Ideal # of bedrooms and baths for 4-plex

7 Replies

I am going to be constructing a 4-plex to live in as an owner occupant with an FHA Loan. I was wondering what everyone sees as the best configuration for low turnover and help me to maintain a competitive edge. I was considering doing 4/2 1250 square feet units but am also considering 3/2 and possible even 2/2 or 2/1. I had a 4-plex in the Phoenix market that was a 1/1 and the turnover was very high and the tenant mix was very high maintenance.

Also curious if anyone has insight on a single vs 2-story unit?

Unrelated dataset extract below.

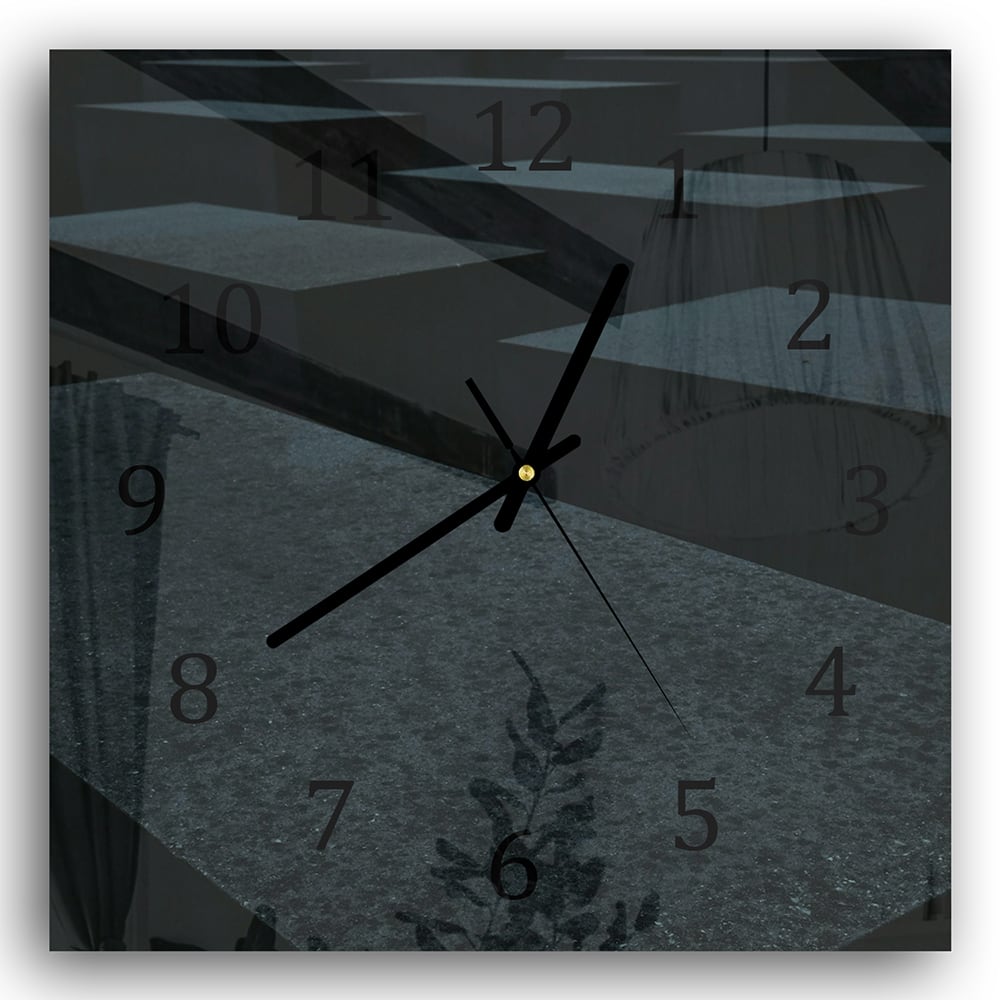 Wanduhr 30x30 - Schwarze Steine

Ive never built a multi-unit place but I think one of the most important questions is where are you planning on building? Of the units I own I find it a lot easier to rent out units with 2 bedrooms and 1-2 baths. I like to have a little bigger units to attract families personally, because there is less turnover. Some people think there can be more wear and tear with families from small children. You should really get online to try and get an idea of what the apartments in your area are renting for, so you know what your return will look like. Many people who purchase rentals look for 1-3% return monthly on the full purchase price of the property, and I would assume its the same if you're building. I.E. if you spend 100,000 to build a unit you would ideally like $2,000 back per month in rent to cover all expenses. You can still make money with less then 2% but you gotta decide what your comfortable with and what make it a good deal for you.

I have a 4-plex that has 3 2/1 units and a single 3/1 unit. The 3/1 is hands down the most sought after. I wish they were all 3 bedrooms. It's easy to rent and I get an extra $100 a month for it. It may depend on your area. 2/1 units are the standard around here and it seems people always want a little more!

There are variances based on if a College town students might go for 1 beds more or remote areas might like the 3 beds.

Most areas the 2 bed unit mix with 1, 1 1/2 baths, 2 baths is the standard.

1 beds are more transient tenants and even if good ones when they get married, have kids, add a partner etc. the 1 bed space becomes too small. With a 2 bed you can do many things with that space to make it still work.

There are some 3 beds in the area here and I have even seen 4 beds but rare and those command a little more rent but not much versus the extra space they take up. You could instead have more 2 beds for the same building sq ft and get more total rent.

I am located in a rural area of Arizona. Currently we are experiencing very high demand from several mines that are hiring in the area, rents have jumped 50% during the last 2 years and I have a waiting list for my other properties. However I want to be ready to weather the next mining downturn with quality tenants that aren't dependent on mining. Also because of the low interest and fixed rate of an FHA mortgage(and the fact that I am going to be living in one of the units) I would prefer to go with larger sized units. I guess I could always set it up as 4/2 with a large kitchen and living room that could later be divided into 8 2/1's after my occupancy requirement has expired :).

Zoning will not usually allow you to turn a 4-plex into a 8-plex. Three bedrooms is the most sought after floor plan in my area.

Originally posted by @Austin V. :
I am located in a rural area of Arizona. Currently we are experiencing very high demand from several mines that are hiring in the area, rents have jumped 50% during the last 2 years and I have a waiting list for my other properties. However I want to be ready to weather the next mining downturn with quality tenants that aren't dependent on mining. Also because of the low interest and fixed rate of an FHA mortgage(and the fact that I am going to be living in one of the units) I would prefer to go with larger sized units. I guess I could always set it up as 4/2 with a large kitchen and living room that could later be divided into 8 2/1's after my occupancy requirement has expired :).

Wow, I can't believe I came across this post. I live in Willcox, and it is interesting reading about your strategy. I never even considered the Safford area. I wish you luck, and please keep us updated.

Good Catch @Rusty Thompson that would be consistent with my local area zoning as well.

Tony G -Glad to meet someone else who is local. These mining towns tend to be wildly cyclical based on commodity prices but when times are good, they are really good.

Thanks for all the feedback, I will keep everybody updated as plans roll out.